That’s how Friday felt. Christmas blues are not unusual and they hit me hard this morning. I walked into my office (already feeling this blue film on my spirits) and got hit with a bunch of emails from Columbus adding complexity, rework, changes in protocol, and hassle to what is only to be a fraction of what my job is but seems to rob me of the most meaningful parts of my work. I did not see an end.
I can become over stimulated and more tired in December with the extra demands and chaos of Christmas at a children’s hospital. I was doing very well, then today…ugh…I cannot even listen to my voice go on about it. Spare me my own whining! God give me perspective!
I was rescued by a Friday…knowing that I could center and reset for a few days after the day finished. I am so thankful to have made the commitment to slow down Christmas daily by going through “The Greatest Gift” by Ann Voskamp. It would be my top priority on Saturday morning…no clock to hurry me, quietness, time to sit in the flickering candles and soft Christmas music and twinkle lights, time to reflect, and nourish myself with whatever God had for me.
Who would have thought the story of Ruth and Naomi would have anything to do with Christmas? God knew…and prompted Ann to write His message to me today. Naomi was not having a great Christmas (having lost her husband and two sons). It was hard to see that her widowed daughter-in-law, Ruth, was there by her side, never to leave her alone.

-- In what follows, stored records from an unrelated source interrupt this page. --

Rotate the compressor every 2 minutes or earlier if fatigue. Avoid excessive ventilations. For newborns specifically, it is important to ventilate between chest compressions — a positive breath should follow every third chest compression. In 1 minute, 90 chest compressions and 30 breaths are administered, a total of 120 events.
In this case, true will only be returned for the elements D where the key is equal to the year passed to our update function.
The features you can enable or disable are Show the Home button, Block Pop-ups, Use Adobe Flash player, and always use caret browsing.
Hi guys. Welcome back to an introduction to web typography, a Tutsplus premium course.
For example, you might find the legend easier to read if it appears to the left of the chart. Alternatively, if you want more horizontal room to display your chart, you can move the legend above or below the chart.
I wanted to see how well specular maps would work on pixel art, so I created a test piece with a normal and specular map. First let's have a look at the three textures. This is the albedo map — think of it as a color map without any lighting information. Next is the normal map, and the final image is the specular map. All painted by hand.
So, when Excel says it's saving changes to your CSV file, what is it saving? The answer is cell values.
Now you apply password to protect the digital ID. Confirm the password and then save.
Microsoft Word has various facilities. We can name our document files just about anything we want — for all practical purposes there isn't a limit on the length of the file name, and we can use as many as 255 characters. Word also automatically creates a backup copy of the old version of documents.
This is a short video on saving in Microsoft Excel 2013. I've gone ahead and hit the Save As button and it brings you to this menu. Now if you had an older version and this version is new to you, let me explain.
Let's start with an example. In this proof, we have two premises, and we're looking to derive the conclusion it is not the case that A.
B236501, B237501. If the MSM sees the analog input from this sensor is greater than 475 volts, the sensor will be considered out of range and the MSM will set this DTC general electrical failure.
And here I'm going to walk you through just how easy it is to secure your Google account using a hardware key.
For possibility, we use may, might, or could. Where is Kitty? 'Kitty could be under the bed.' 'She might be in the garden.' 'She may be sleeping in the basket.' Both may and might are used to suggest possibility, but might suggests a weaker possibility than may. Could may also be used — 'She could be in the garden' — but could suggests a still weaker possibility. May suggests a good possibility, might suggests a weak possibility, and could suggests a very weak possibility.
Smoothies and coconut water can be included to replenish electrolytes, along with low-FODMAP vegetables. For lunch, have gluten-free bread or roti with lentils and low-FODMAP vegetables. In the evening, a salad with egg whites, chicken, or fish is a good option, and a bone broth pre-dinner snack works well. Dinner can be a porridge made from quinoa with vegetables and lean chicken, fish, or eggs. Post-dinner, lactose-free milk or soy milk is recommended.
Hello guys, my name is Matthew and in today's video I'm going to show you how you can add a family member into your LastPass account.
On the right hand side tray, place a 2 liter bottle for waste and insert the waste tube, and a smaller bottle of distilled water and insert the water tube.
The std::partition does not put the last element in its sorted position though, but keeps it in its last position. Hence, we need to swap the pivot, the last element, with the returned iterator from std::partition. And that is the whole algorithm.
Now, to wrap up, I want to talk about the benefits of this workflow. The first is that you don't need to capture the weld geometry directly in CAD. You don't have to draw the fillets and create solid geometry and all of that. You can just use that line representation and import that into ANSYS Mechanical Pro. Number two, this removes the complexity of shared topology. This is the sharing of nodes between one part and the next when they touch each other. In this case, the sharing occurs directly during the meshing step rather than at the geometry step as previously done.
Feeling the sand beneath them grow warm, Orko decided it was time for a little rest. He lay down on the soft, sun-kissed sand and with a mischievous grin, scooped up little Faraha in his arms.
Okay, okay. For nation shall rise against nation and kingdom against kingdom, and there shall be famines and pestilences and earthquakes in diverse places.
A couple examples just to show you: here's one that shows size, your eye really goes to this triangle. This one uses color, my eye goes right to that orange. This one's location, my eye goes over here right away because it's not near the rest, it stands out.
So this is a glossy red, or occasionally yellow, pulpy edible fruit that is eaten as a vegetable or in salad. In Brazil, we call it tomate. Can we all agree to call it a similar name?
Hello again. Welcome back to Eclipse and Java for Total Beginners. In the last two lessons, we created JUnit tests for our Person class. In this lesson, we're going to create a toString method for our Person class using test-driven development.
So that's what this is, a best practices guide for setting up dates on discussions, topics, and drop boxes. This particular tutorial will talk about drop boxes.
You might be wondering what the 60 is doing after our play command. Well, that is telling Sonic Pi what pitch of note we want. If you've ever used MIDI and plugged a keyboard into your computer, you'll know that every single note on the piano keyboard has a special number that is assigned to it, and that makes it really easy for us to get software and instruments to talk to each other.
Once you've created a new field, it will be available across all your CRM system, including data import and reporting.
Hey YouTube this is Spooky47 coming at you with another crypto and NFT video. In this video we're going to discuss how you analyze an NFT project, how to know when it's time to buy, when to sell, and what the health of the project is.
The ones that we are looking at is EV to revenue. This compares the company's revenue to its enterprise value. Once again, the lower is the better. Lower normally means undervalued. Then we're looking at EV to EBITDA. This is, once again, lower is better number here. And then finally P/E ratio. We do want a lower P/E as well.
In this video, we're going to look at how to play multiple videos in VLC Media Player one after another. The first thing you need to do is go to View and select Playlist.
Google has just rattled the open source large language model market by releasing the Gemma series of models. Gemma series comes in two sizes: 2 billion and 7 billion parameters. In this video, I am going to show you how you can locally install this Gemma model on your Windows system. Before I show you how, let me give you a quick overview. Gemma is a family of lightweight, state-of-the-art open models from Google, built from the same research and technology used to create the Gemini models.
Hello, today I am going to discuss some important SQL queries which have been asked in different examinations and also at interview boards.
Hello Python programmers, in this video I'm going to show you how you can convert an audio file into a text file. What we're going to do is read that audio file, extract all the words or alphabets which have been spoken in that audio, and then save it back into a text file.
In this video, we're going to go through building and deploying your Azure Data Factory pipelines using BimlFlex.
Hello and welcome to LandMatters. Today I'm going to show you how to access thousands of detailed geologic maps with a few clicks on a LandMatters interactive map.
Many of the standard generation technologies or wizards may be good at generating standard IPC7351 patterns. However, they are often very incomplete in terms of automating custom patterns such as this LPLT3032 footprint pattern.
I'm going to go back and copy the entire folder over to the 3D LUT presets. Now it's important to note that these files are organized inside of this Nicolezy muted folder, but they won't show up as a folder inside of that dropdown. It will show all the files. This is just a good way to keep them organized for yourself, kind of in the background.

Ann writes: “There are Advent moments when you’d like nothing more than to order a Christmas miracle. The one you need when it feels like no one sees you. No one sees how you really feel. How overwhelmed by the work and underappreciated by the people. No one sees that you just want someone to cup your face and look into your eyes and say your name from somewhere deep inside, like a calling home, like a belonging ~ like a holding that has you around all the fragile places and never leave.
“Some seasons are Naomi times…In some seasons, for all their gloss and glitz, it can be achingly hard to find gifts and days can feel like fists.
“Sometimes the miracle begins by growing, not in bitterness, but in faithfulness.”
Like Naomi, I sometimes miss the love around me…those who have been faithful Ruth’s in my life.
What a joy to slow down and see them…and so many abundant gifts!